((

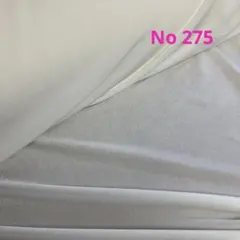 ツーウェイ生地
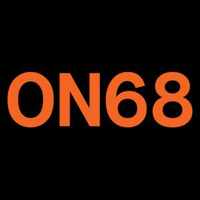 ON68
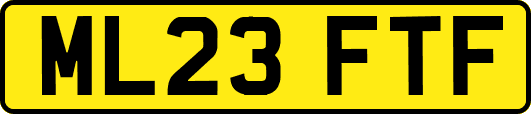 ML23FTF
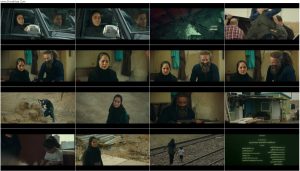 دانلود قسمت سیزدهم سریال غربت با کیفیت BluRay دانلود قسمت سیزدهم سریال غربت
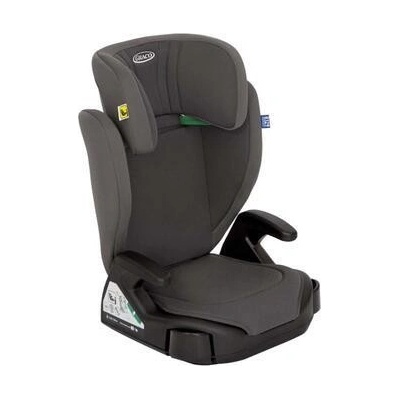 GRACO Junior Maxi™ R129 2025 iron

))

Required work — Your reply should restate the data above word for word and contain no pictures.

Answer to this exercise —
 ツーウェイ生地
 ON68
 ML23FTF
 دانلود قسمت سیزدهم سریال غربت با کیفیت BluRay دانلود قسمت سیزدهم سریال غربت
 GRACO Junior Maxi™ R129 2025 iron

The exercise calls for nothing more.